Differentiable rendering has paved the way for training neural networks to perform “inverse graphics” tasks such as predicting 3D geometry from monocular photographs. To train high-performing models, most of the current approaches rely on multi-view imagery which is not readily available in practice. Recent Generative Adversarial Networks (GANs) that synthesize images, in contrast, seem to acquire 3D knowledge implicitly during training: object viewpoints can be manipulated by simply manipulating the latent codes. However, these latent codes often lack further physical interpretation and thus GANs cannot easily be inverted to perform explicit 3D reasoning. In this paper, we aim to extract and disentangle 3D knowledge learned by generative models by utilizing differentiable renderers.

The key to our approach is to exploit GANs as a multi-view data generator to train an inverse graphics network using an off-the-shelf differentiable renderer, and the trained inverse graphics network as a teacher to disentangle the GAN’s latent code into interpretable 3D properties. The entire architecture is trained iteratively using cycle consistency losses. We show that our approach significantly outperforms state-of-the-art inverse graphics networks trained on existing datasets, both quantitatively and via user studies. We further showcase the disentangled GAN as a controllable 3D “neural renderer”, complementing traditional graphics renderers.

Figure 1: We employ two “renderers”: a GAN (StyleGAN in our work), and a differentiable graphics renderer (DIB-R in our work). We exploit StyleGAN as a synthetic data generator, and we label this data extremely efficiently. This “dataset” is used to train an inverse graphics network that predicts 3D properties from images.
We use this network to disentangle StyleGAN’s latent code through a carefully designed mapping network.
Figure 2: We show examples of cars (first two rows) synthesized in chosen viewpoints (columns). To get these, we fix the latent code w∗ v that controls the viewpoint (one code per column) and randomly sample the
remaining dimensions of (Style)GAN’s latent code (to get rows). Notice how well aligned the two cars are in
each column. In the third row we show the same approach applied to horse and bird StyleGAN.

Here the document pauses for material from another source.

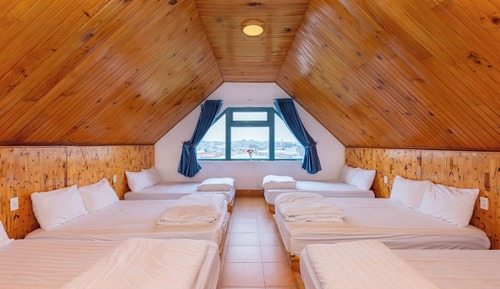 Habitación cuádruple junior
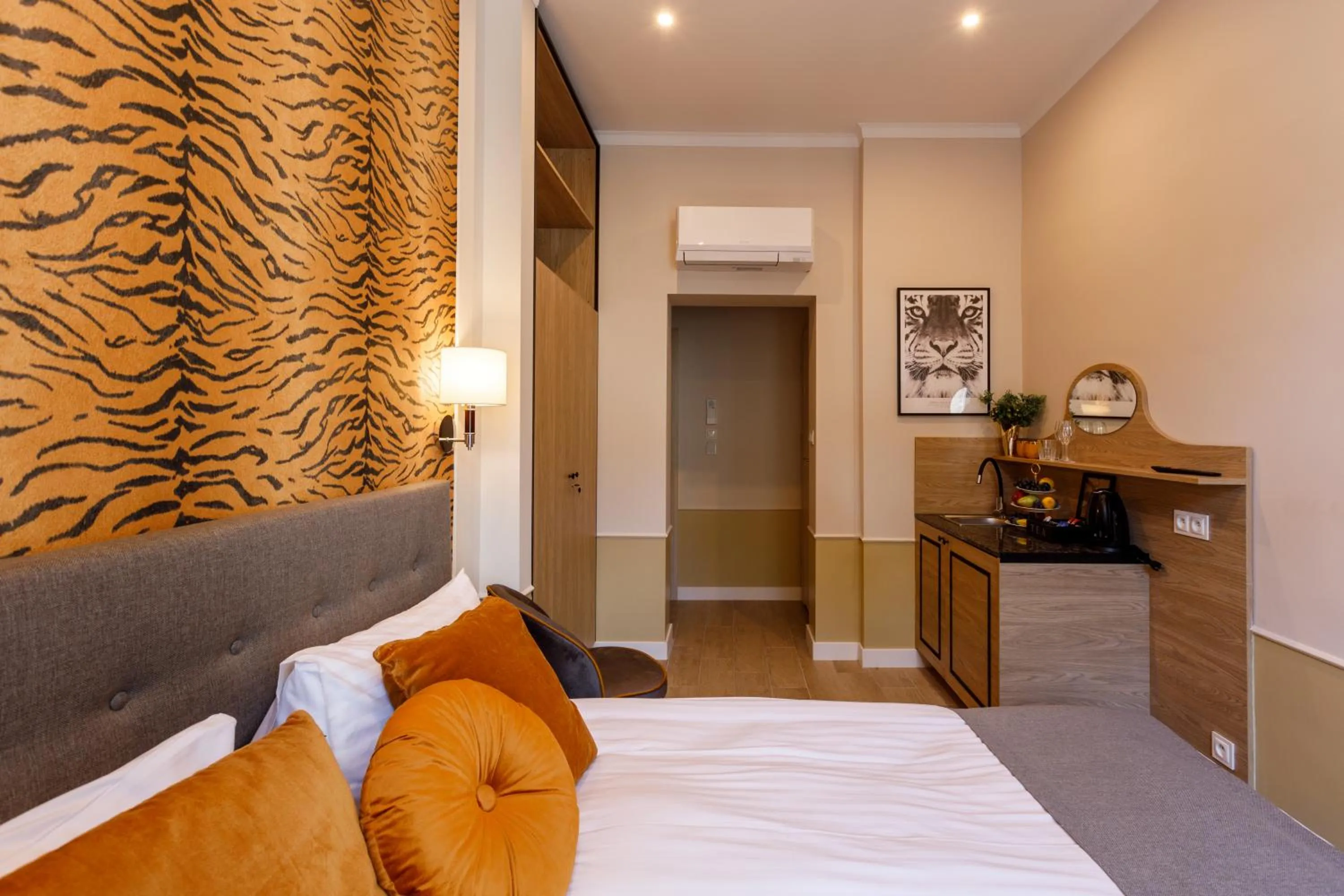 Bed in AR Apartamenty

Figure 3: A mapping network maps camera, shape, texture and background into a disentangled code that is passed to StyleGAN for “rendering”. We refer
to this network as StyleGAN-R.
Figure 4: 3D Reconstruction Results: Given input images (1st column), we predict 3D shape, texture, and render them into the same viewpoint (2nd column). We also show renderings in 3 other views in remaining columns to showcase 3D quality. Our model is able to reconstruct cars with various shapes, textures and
viewpoints. We also show the same approach on harder (articulated) objects, i.e., bird and horse.

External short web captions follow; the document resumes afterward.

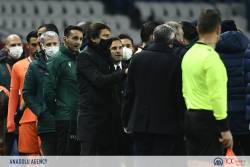 Sebastian Coltescu provoaca furie si suspendarea unui meci de Champions League: Wait, wait, ăla negru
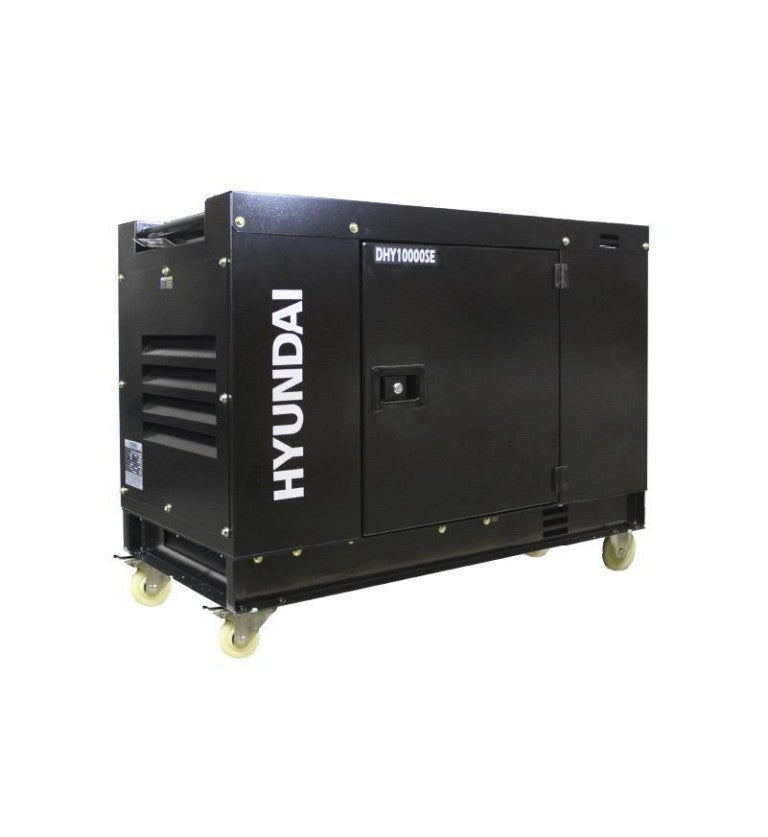 Generador Hyundai diésel insonorizado 8,5 KVA monofasico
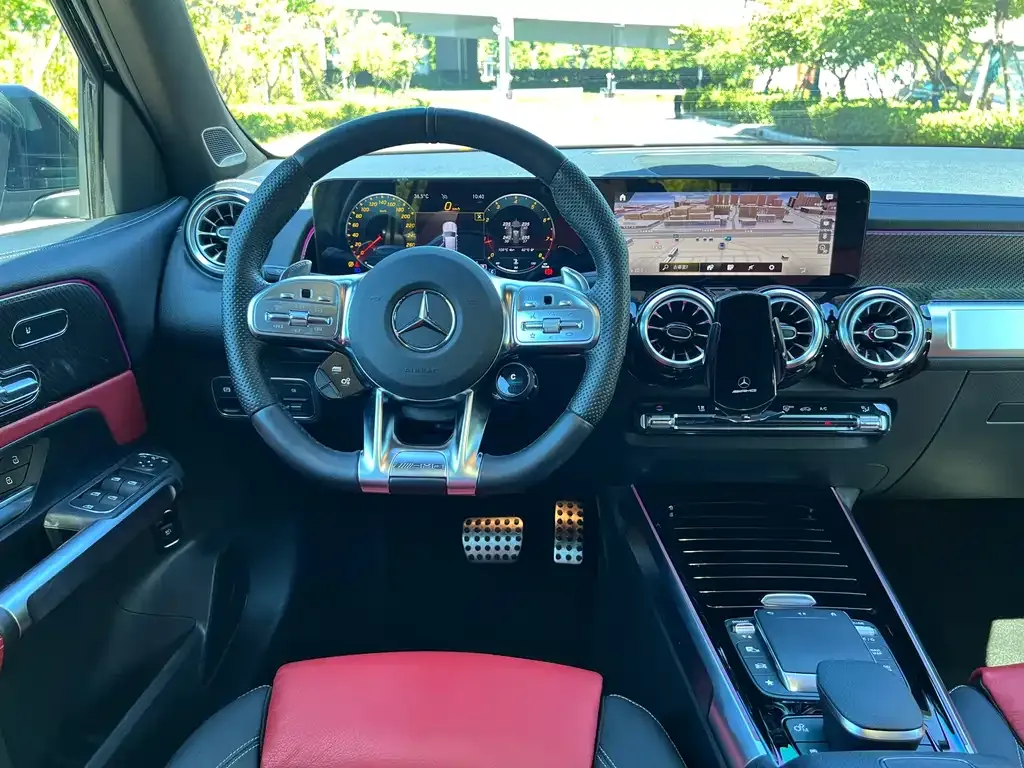 Mercedes-Benz GLB AMG 2023 из CN, фото 9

Figure 5: Comparison on Pascal3D test set: We compare inverse graphics networks trained on Pascal3D and our StyleGAN dataset. Notice considerably higher quality of prediction when training on
the StyleGAN dataset.
Figure 6: Ablation Study: We ablate the use of multi-view consistency loss. Both texture are shape are worse without this loss, especially in the invisible parts (rows 2, 5, denoted by “w.o M. V.” — no multi-view
consistency used during training), showcasing the importance of our StyleGAN-multivew dataset.

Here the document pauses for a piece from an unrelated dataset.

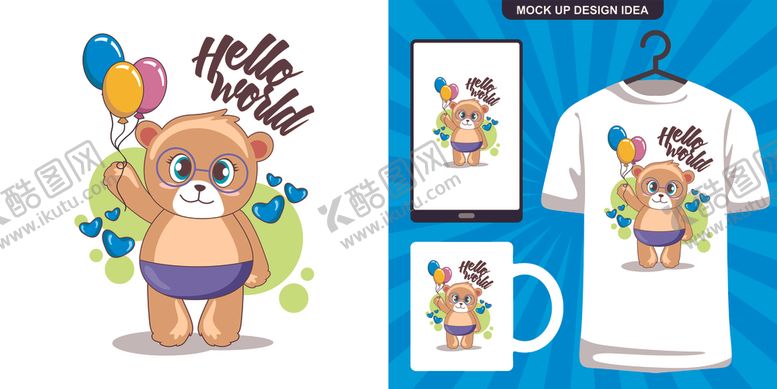 编号：91986909190658057600【酷图网】源文件下载-卡通动漫服饰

Figure 7: Dual Renderer: Given input images (1st column), we first predict mesh and texture, and render them with the graphics renderer (2nd column), and our StyleGAN-R (3rd column).
Figure 8: Latent code manipulation: Given an input image (col 1), we predict 3D properties and synthesize a new image with StyleGAN-R, by manipulating the viewpoint (col 2, 3, 4). Alternatively, we directly optimize the (original) StyleGAN latent code w.r.t. image, however this leads to a blurry reconstruction (col 5).
Moreover, when we try to adjust the style for the optimized code, we get low quality results (col 6, 7).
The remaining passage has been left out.